The Scottish Fairies scarcely differ in any essential point from those of England. Like them
they are divided into the rural and the domestic. Their attire is green, their residence the interior of
the hills. They appear more attached than their neighbours to the monarchical form of government, for the
Fairy king and queen, who seem in England to have been known only by the poets, were recognised by law
in Caledonia, and have at all times held a place in the popular creed. They would appear also to be more
mischievously inclned than the Southrons, and less addicted to the practice of dancing. They have,
however, had the advantage of not being treated with contempt and neglect by their human countrymen, and
may well be proud of the attention shown them by the brightest genius of which their country can boast.
There has also been long due from them an acknowledgment of the distinction conferred on them by the
editor of the Nithsdale and Galloway Song,1 for the very fanciful manner in which he has
described their attributes and acts.
The Scottish Fairies have never been taken by the poets for their heroes or machinery, a
circumstance probably to be attributed to the sterner character of Scottish religion. We cannot,
therefore, as in England, make a distinction between popular and poetic fairies.
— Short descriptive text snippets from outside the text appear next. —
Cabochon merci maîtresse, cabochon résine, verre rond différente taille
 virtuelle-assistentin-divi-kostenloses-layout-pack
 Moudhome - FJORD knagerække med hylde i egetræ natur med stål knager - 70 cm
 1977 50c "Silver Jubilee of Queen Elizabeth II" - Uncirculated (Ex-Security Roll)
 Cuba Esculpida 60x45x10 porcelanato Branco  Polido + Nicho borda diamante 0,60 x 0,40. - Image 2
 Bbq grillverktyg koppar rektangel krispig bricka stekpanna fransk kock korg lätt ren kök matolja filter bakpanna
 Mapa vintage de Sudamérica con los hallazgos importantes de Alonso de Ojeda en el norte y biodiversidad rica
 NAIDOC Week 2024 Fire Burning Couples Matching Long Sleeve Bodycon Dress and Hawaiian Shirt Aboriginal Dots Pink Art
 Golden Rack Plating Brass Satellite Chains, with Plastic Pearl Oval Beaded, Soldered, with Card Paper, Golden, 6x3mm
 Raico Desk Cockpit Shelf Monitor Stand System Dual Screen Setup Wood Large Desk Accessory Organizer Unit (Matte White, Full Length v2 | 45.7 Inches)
The earliest notice we have met with of the Fairies is in Montgomery's Flyting against
Polwart, where he says,
In the hinder end of harvest, at All-hallowe'en,
When our good neighbours2 dois ride, if I read right,
Some buckled on a beenwand, and some on a been,
Ay trottand in troops from the twilight;
Some saidled on a she-ape all graithed in green,
Some hobland on a hempstalk hovand to the sight;
The king of Phairie and his court, with the elf-queen,
With many elfish incubus, was ridand that night.
Elf-land was the name of the realm ruled by the king of Phairie. King James3
speaks of him and his queen, and "of sic a jolie court and traine as they had; how they had a teinde
and a dewtie, as it were, of all guidis; how they naturally raid and yeid, eat and drank, and did all
other actions lyke natural men and women. I think," concludes the monarch, "it is lyker
Virgilis Campi Elysii nor anything that ought to be believed by
Christianis." And one of the
interlocutors in his dialogue asks how it was that witches have gone to death confessing that they had
been "transported with the Phairie to such and such a hill, which, opening, they went in, and there
saw a faire queene, who, being now lighter, gave them a stone which had sundry virtues."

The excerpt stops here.